Tesla reported $5.5 billion in profit last year. It depends on federally funded roads, bridges and freeways for its electric vehicles. Yet the company pays $0 in federal taxes.
What’s wrong with this picture?
Well, everything, not least that Tesla is apparently in compliance with the U.S. tax code, which contains so many loopholes and exemptions that a multibillion-dollar corporation swimming in cash can legally avoid paying a cent to Uncle Sam.
Tesla explains its avoidance of federal taxes by insisting that all of the company’s profit comes from overseas. It’s U.S. operations, the company says, lose money.
Therefore, as per the terms of the tax code, Tesla owes no federal taxes.
While this may be perfectly legal, it’s clearly not right.
Not only do all U.S. businesses have an obligation to contribute their fair share to public coffers, but Tesla, due to its reliance on well-maintained transit infrastructure, simply would not be able to operate without the support of American taxpayers.
It’s also not uncommon for U.S. businesses with extensive overseas operations to indulge in a little creative accounting so their domestic units appear to lose money, even though, as in Tesla’s case, they account for a significant part of overall revenue.
What can be done?
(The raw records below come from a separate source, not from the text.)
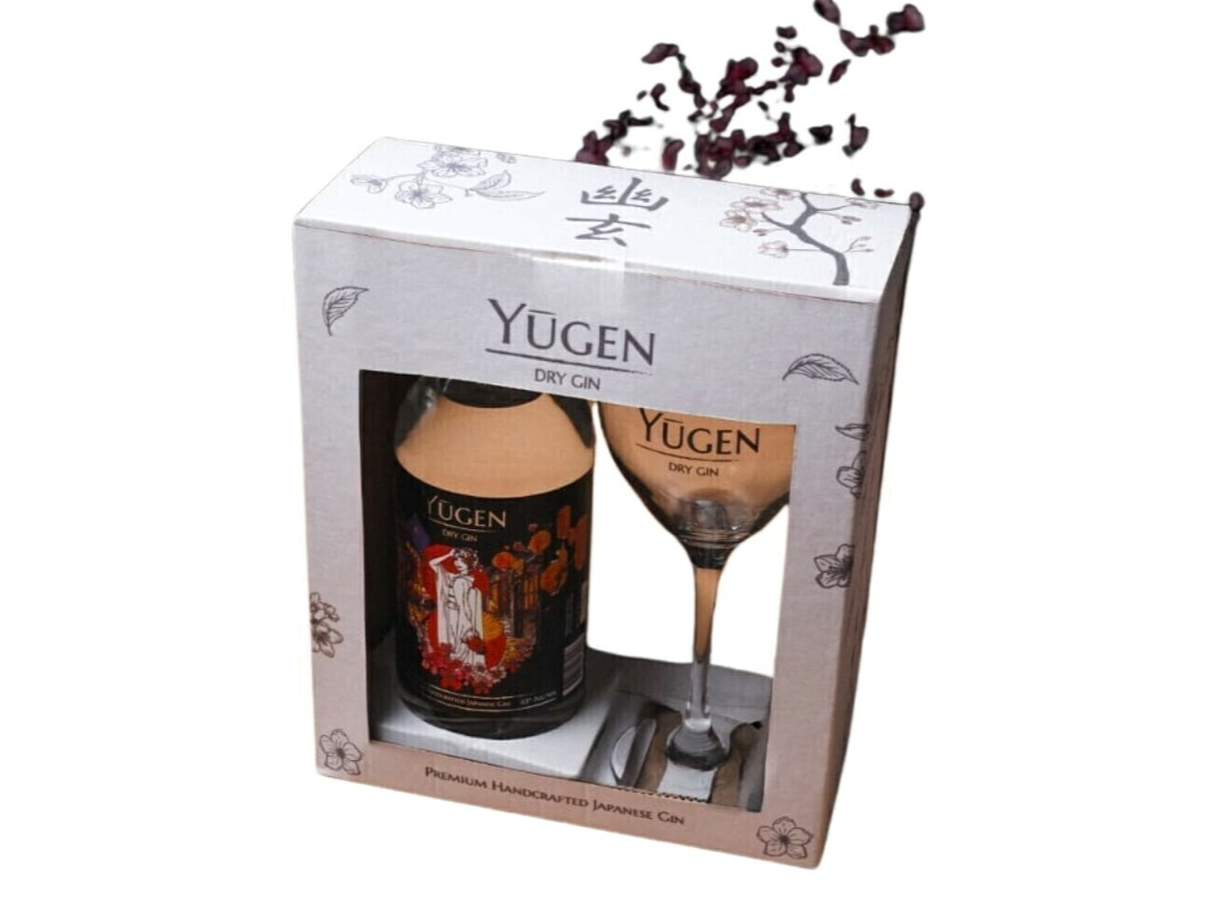 Gin Yugen Estuche + Copa Transparente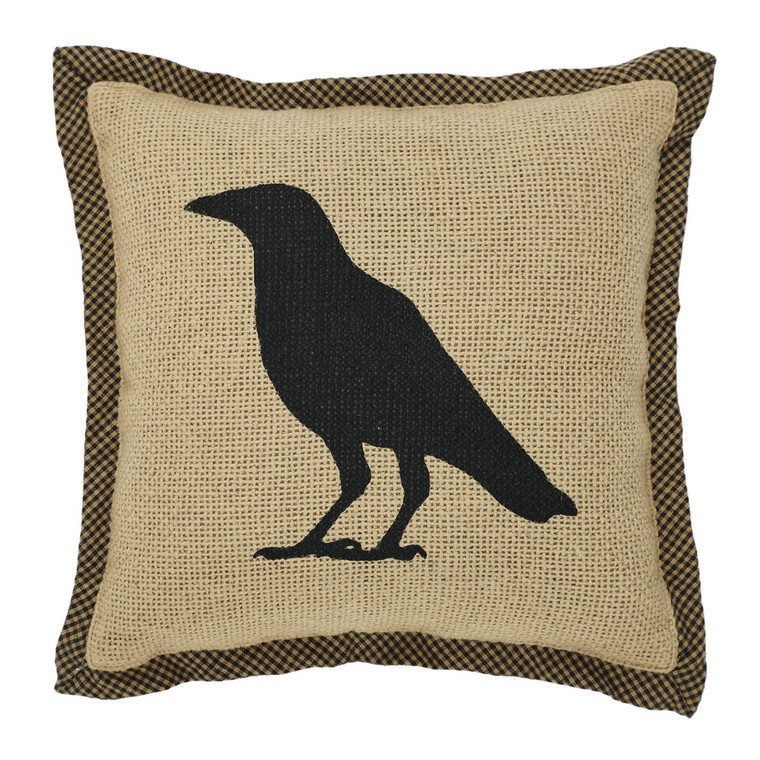 Raven Harvest Raven Pillow - 9x9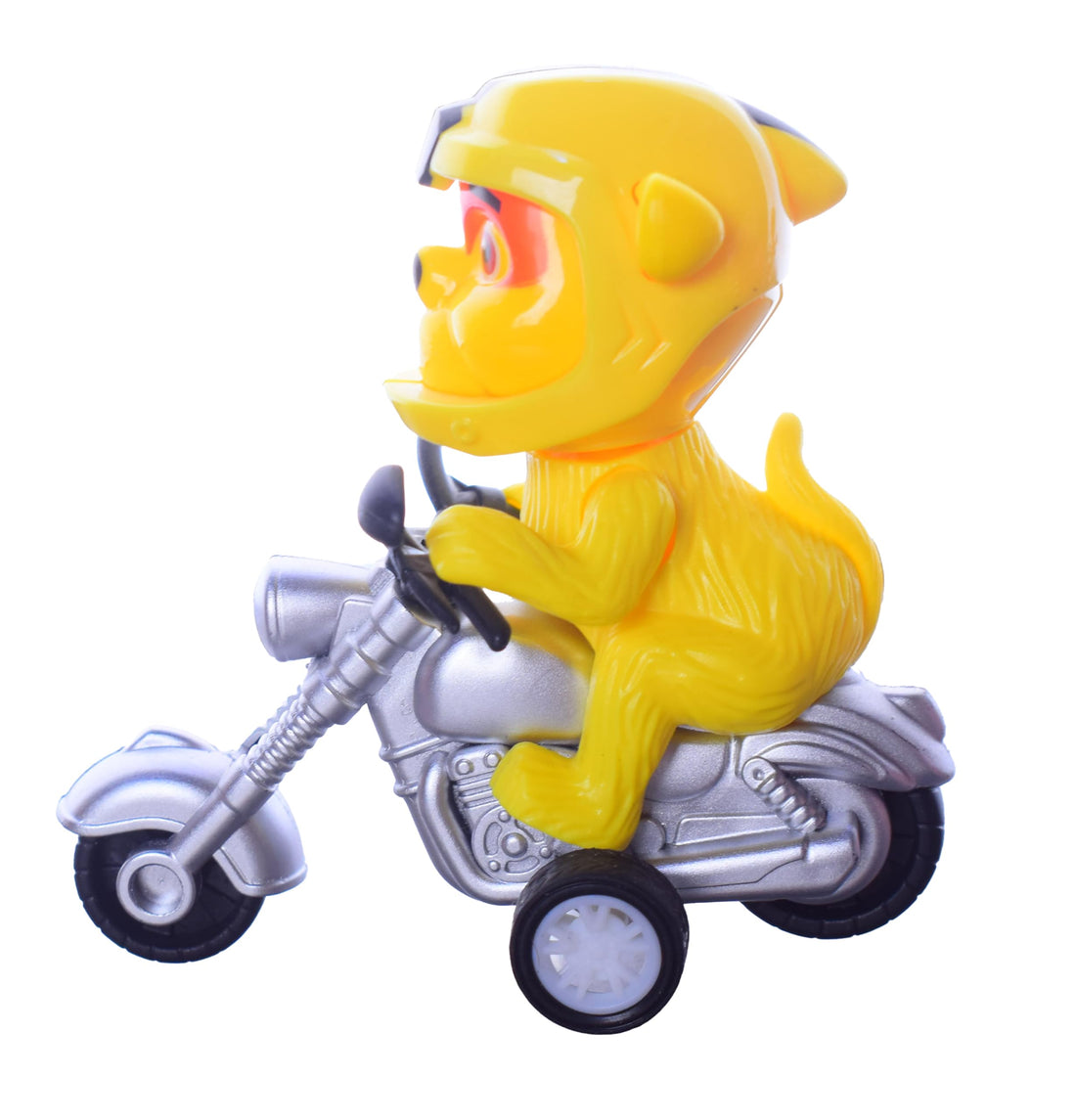 Dog Motorcycle Racing Toy For 3 Years And Above - Silver Yellow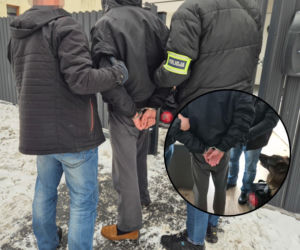 Wypuścił psa i zabarykadował się w domu. Służby musiały działać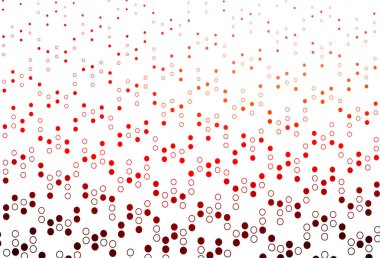 Dairesel şekilli açık kırmızı vektör düzeni.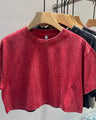ÉLARA Luxe™ Serenity Waist Statement Tee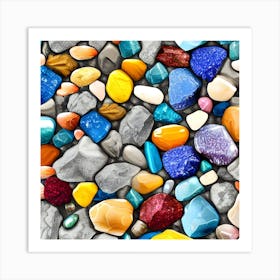 Pebbles Texture Art Print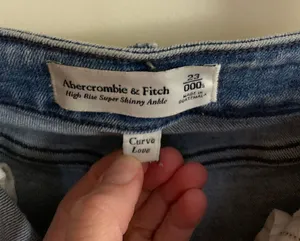 Abercrombie High Rise Super Skinny Ankle-Curve Love thumbnail 2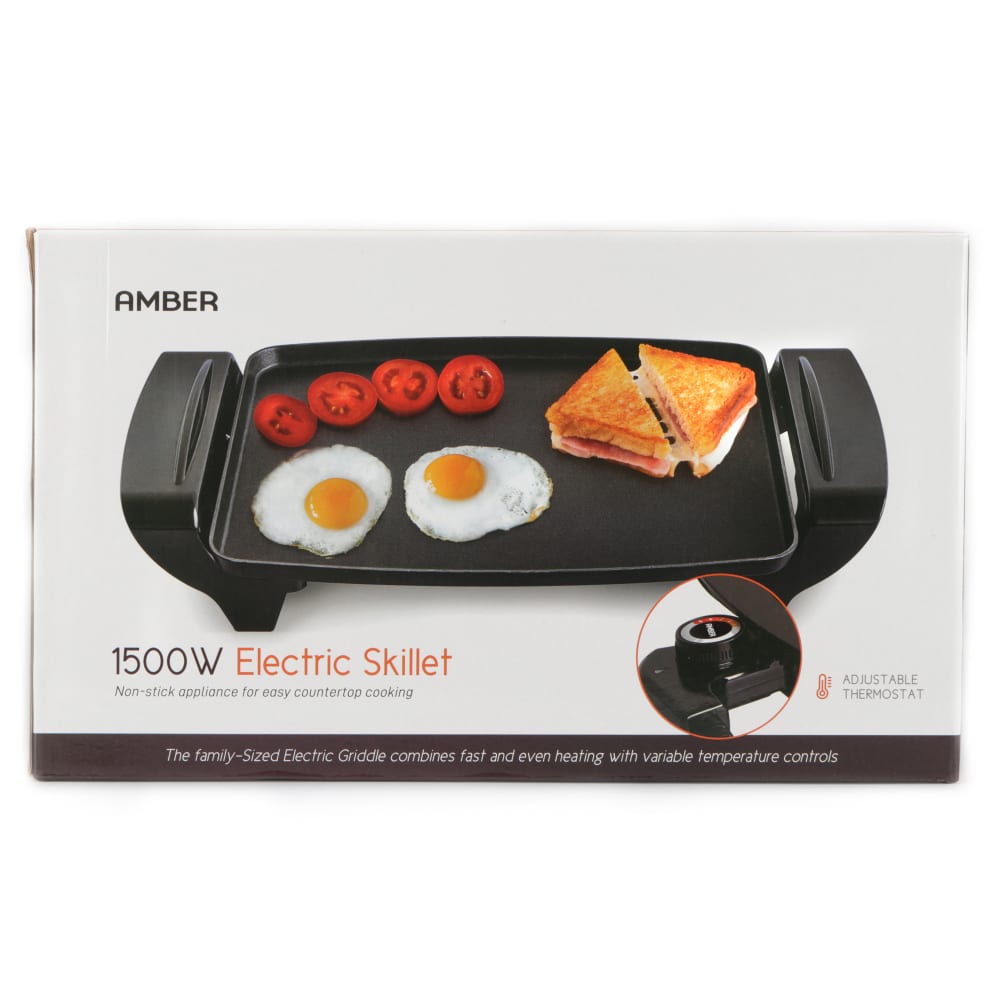 Amber 1500W Electric Skillet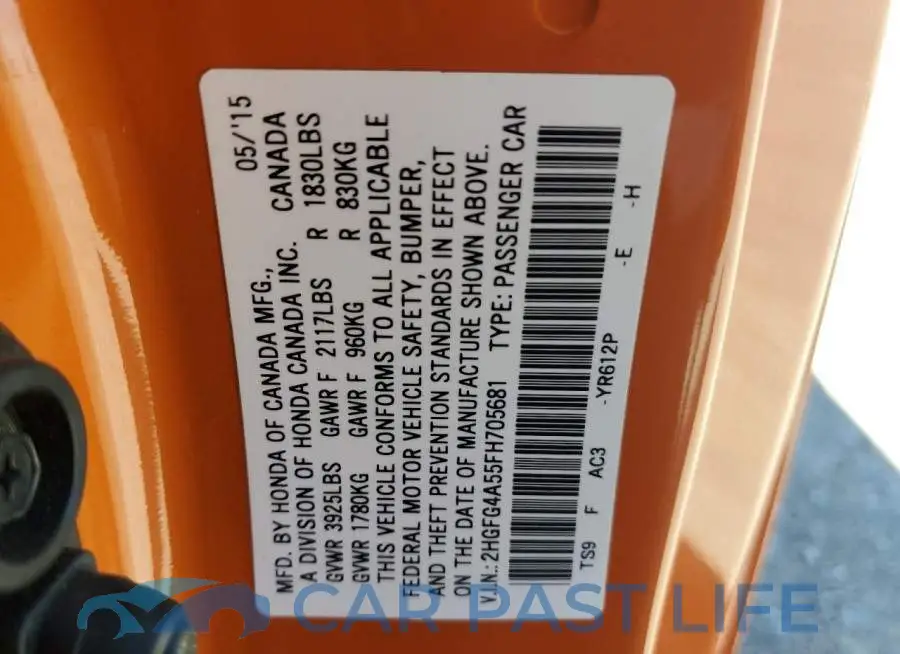 2HGFG4A55FH705681# 12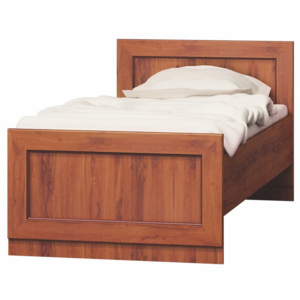 Dřevěná postel 90x200 cm v dekoru dub stoletý typ T21 KN079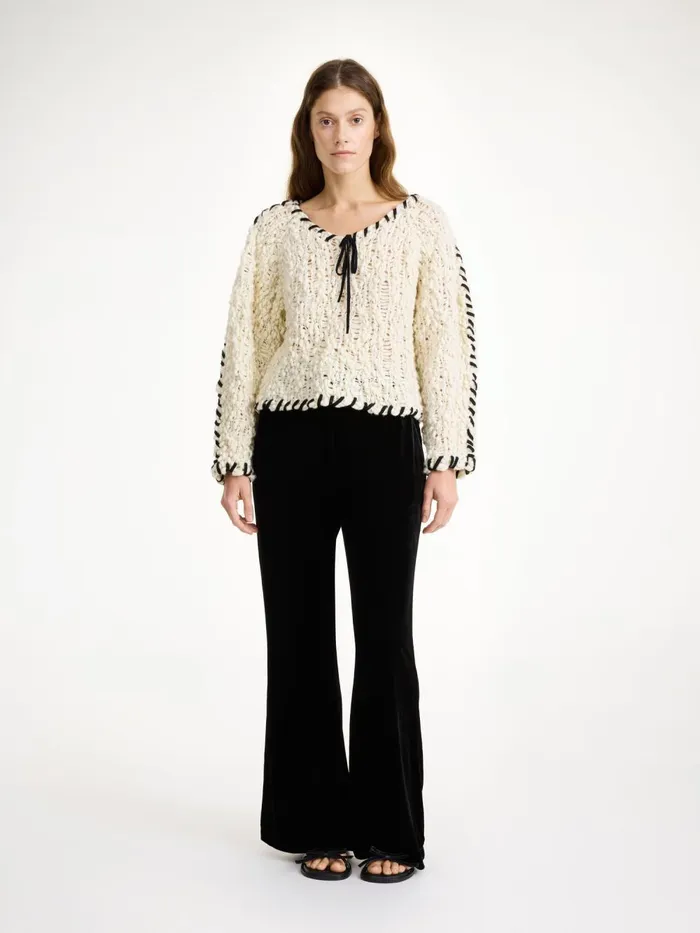 Knitwear Women By Malene Birger Milea Sweater Soft White
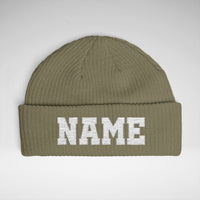 Custom Team Beanie Personalized Sports Beanie Custom Name Number Hat Team Spirit Winter Hat
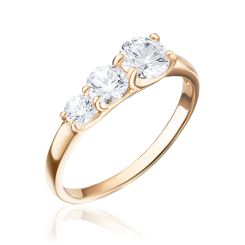 Women's ring with zirconia 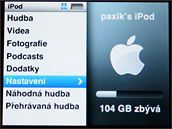 nový iPod - menu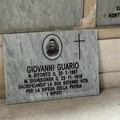 Onorate le spoglie del caduto Giovanni Guario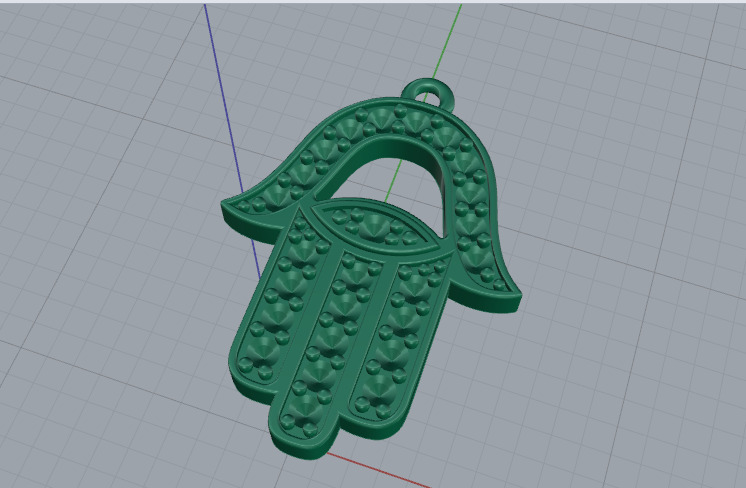 Hamsa pendant Model 7622 3D print model_2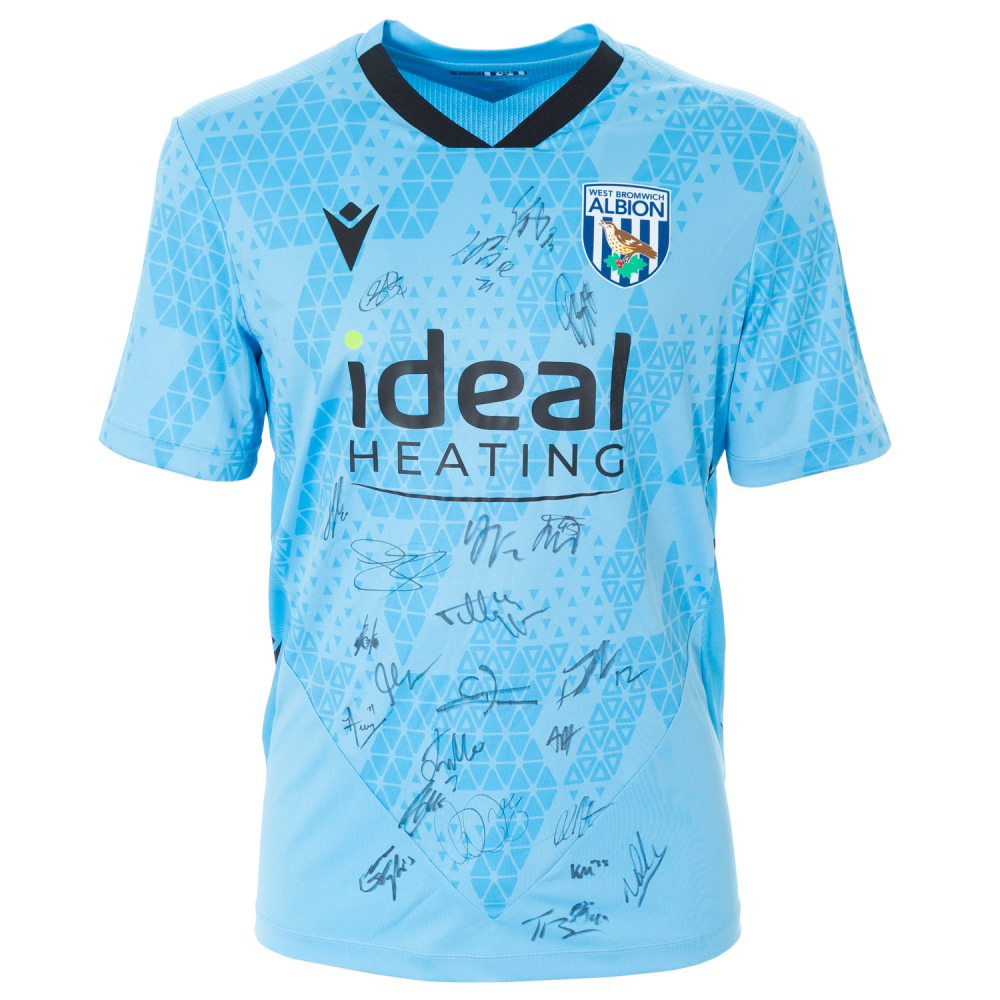 WBA 25/26 Squad Signed Away Goalkeeper Shirt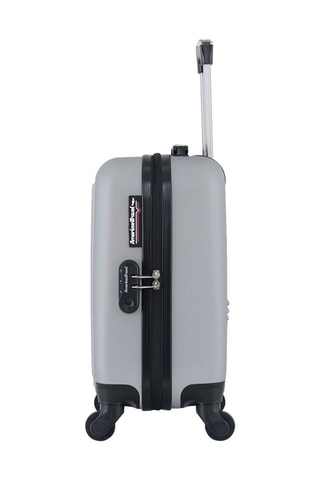 Mala de cabine low cost Brooklyn (XS) - 46 cm  - Preto, prateado e cinzento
Any rejiggering of tax law is a complex and often politically perilous process. But there are measures lawmakers could (and should) explore.
Just as the alternative minimum tax is intended to prevent wealthy people from squirreling away all their money in offshore tax havens, a corporate minimum would address situations like Tesla’s.
How about any U.S. company that earns profits, regardless of source, at least meet a minimum threshold of federal tax payments?
Moreover, if it can be shown that a U.S. business indisputably benefits from public resources, there should be a provision in the corporate tax code that the company’s tax payments reflect this.
Again, it doesn’t appear that Tesla, and similar businesses, are breaking any laws.
But that means our laws are broken. And need to be fixed.